**Exercise directions**:
After finding "Skoda Kodiaq 2.0 TSI 4x4 Style DSG - 28" in a line below, print that line and the rest of the lines exactly, leaving out all pictures.

**The data**:
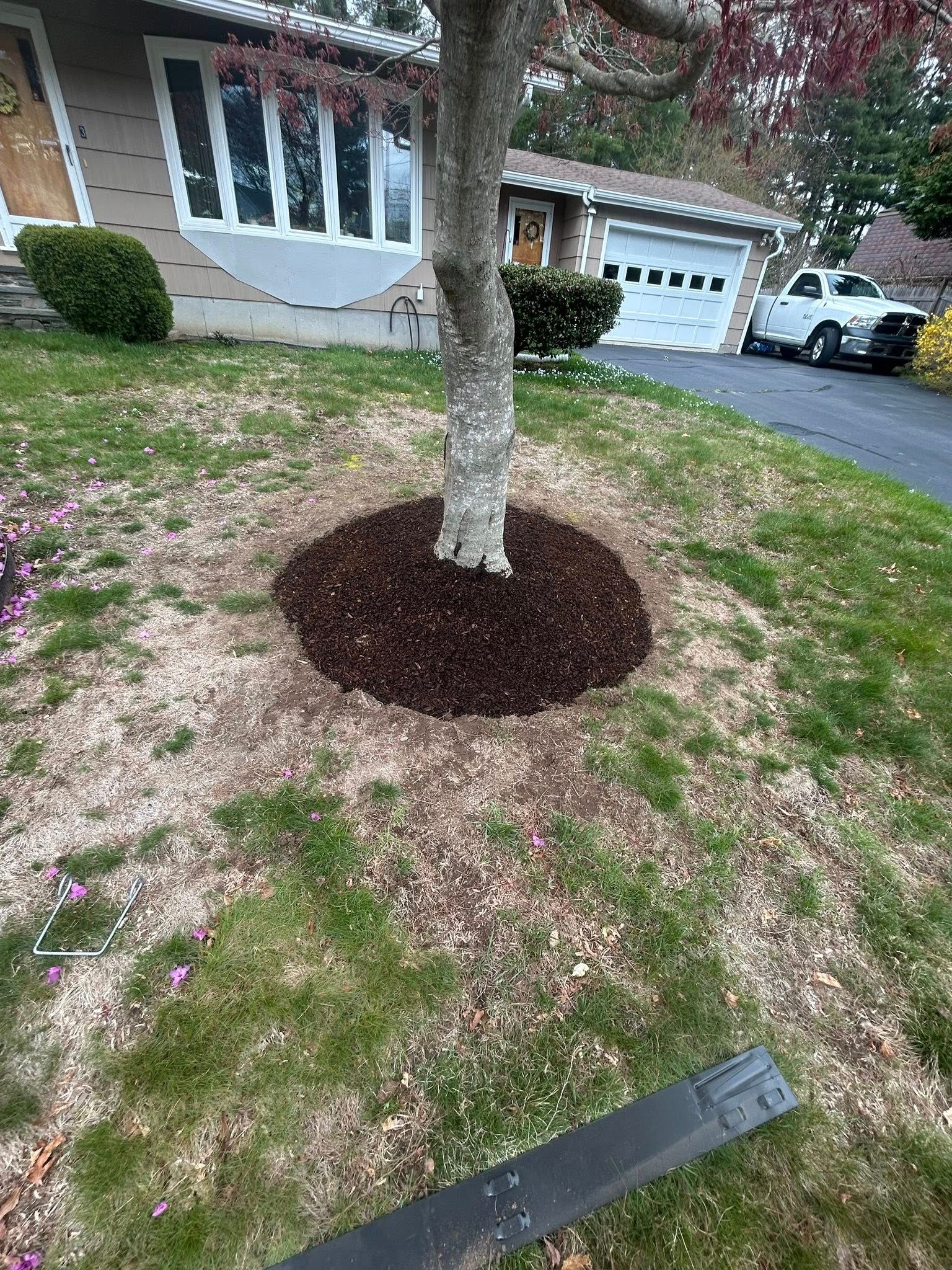  for Lucas Property Maintenance LLC in New Bedford, MA
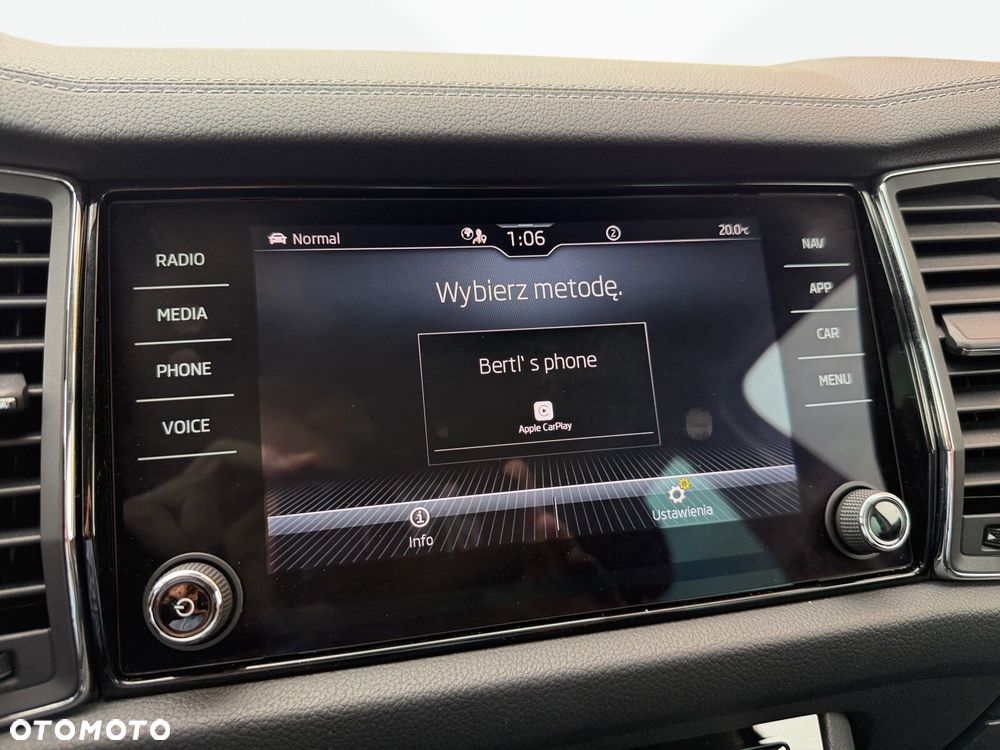 Skoda Kodiaq 2.0 TSI 4x4 Style DSG - 28
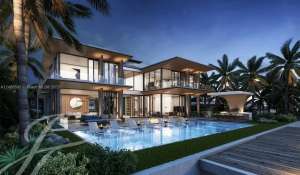 Verkauf Villa Miami Beach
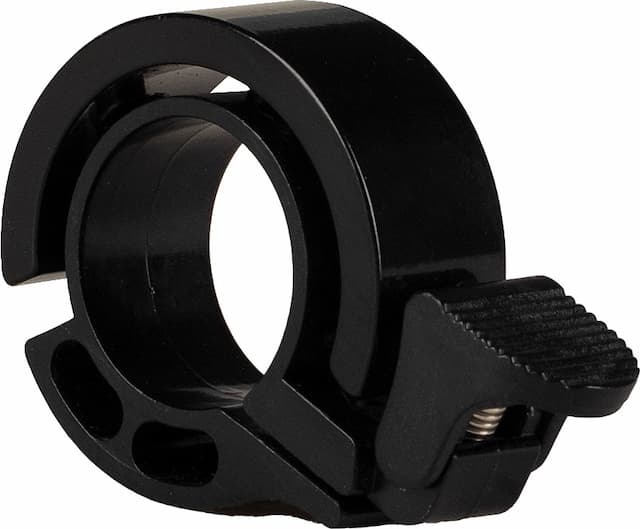 Звонок STS STS-Q черный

**Completed task**:
 Skoda Kodiaq 2.0 TSI 4x4 Style DSG - 28
 Verkauf Villa Miami Beach
 Звонок STS STS-Q черный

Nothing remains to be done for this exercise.